This past week, what has it brought? Quite a bit and nothing good. At least that’s how it looks from where I sit. Among the gifts that came our way were a flip-flopping president, wars and rumors of wars, and the traditional IRS tax deadline.
Put Not Your Trust In Princes
The psalmist tells us, “Put not your trust in princes, not in the son of man, in whom there is no help.” Wise words those, and one’s that Christians would do well to heed when talking politics. And the words and actions of President Trump drove this point home this past week.
America First. That was a consistent motto of Trump the candidate.
This platform was not original with Trump. It hearkened back to the days prior to WWII when a movement by that name arose. The goal America Firsters was to keep America out of WWII.
In Trump’s case, it was a reference to the many ongoing conflicts the US has found itself in.
Trump made a number of excellent statements during the campaign about having better relations with Russia and ending America’s involvement in Syria.
Trump questioned NATO calling it obsolete. And he was exactly correct in doing so.
But this past week, Trump repudiated all this.
Late last week, on the flimsiest pretext, he lobbed 59 Cruise missiles at Russia’s ally Syria. This one act likely destroyed any hope of Trump ever repairing relations with Russia and embroiled the US deeper than ever in the Syrian conflict, a war which the US has no business fighting.
As If One War Weren’t Enough
Apparently not satisfied with one war in Syria, the Trump administration appears ready to gin up another with a preemptive first strike on North Korea.
Preemptive war is one of the philosophical darlings of the neo-conservatives. According to this doctrine, the foreign policy elite of a nation somehow mystically intuit what the future actions of a perceived enemy will be and, on the basis this “knowledge,” shoot first and ask questions later.
Some of this was evident in Trump’s response to the gas attack in Syria. There, the administration launched an attack with no supporting evidence that Assad, contrary to all logic, had gassed his own people.
The gas attack was almost certainly a false flag, but no independent investigation was permitted before launching the missiles.
In like fashion, CNBC reports that, “The U.S. is prepared to launch a preemptive strike with conventional weapons against North Korea should officials become convinced that North Korea is about to follow through with a nuclear weapons test, multiple senior U.S. intelligence officials told NBC News.”
So just who are these officials and what evidence do they have? There isn’t even a pretense of consulting Congress for a declaration of war. It’s just “trust us and bombs away.”
Preemptive war is one of the most dangerous and unchristian doctrines in neo-conservative arsenal. It violates the Biblical principle of defensive war and arrogantly assumes that finite men, even if they are honest, can know the future.
The US should have pulled out of Korea decades ago.

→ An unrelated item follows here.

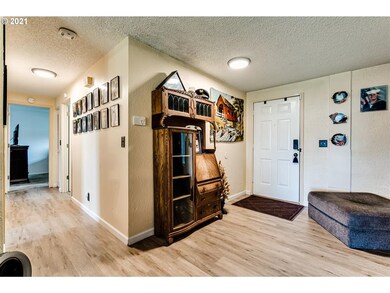 144 V St, Springfield, OR 97477 - photo 2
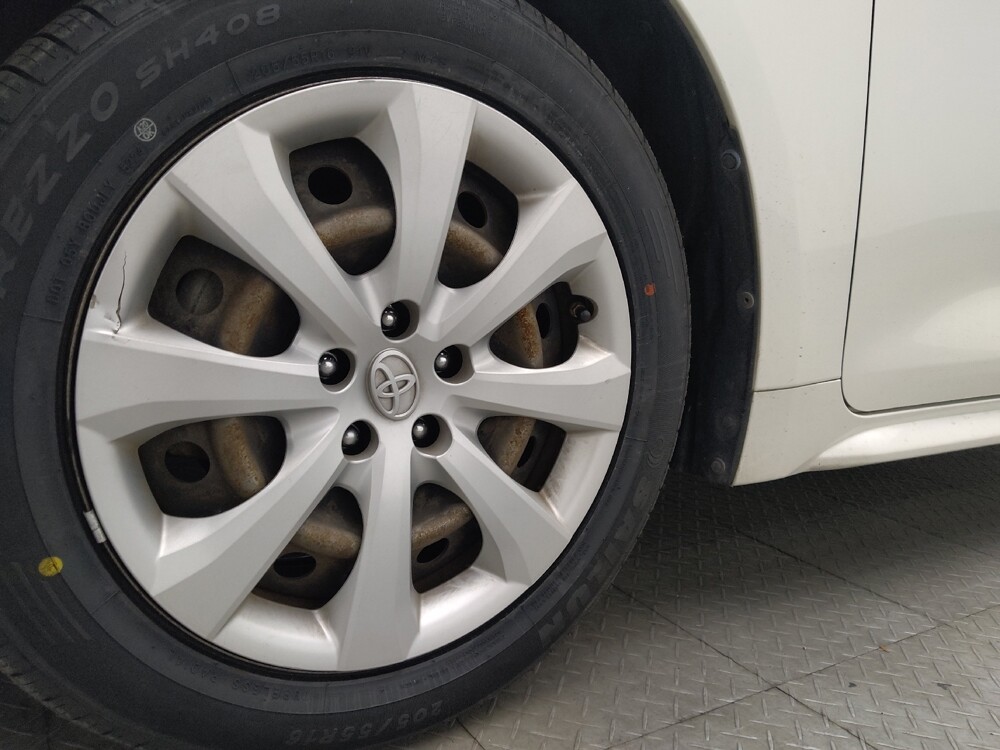 2020 Toyota Corolla in Lauderdale Lakes, FL 33313 - 18140111 31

Had it done so, Korea likely would be unified and westernized by now.
But as it stands, the foreign policy mystics are ready to embroil us in Korean War II.
And this one may go nuclear.
The Tax Man Cometh
Let me tell you how it will be
There’s one for you, nineteen for me
‘Cause I’m the taxman, yeah, I’m the taxman.
– George Harrison
Ok, so things aren’t quite as bad as the 95% tax rate the Beatles sang about. Still, the income tax imposed on Americans by the 16th amendment represents one of the federal governments worst encroachments on civil liberties.
The tax was sold to the public as being very small and applying only to the rich.
But as Jesus said, a little leaven leavens the whole lump. Once the principle was granted that the federal government could directly tax the incomes of American’s it was only a matter of time before the tax was extended to include the general population.
One of the most insidious developments relative to the income tax was tax withholding. Up until 1944, income taxes were paid once a year at them time individuals filed their returns. But starting that year, the federal government began withholding taxes directly from paychecks.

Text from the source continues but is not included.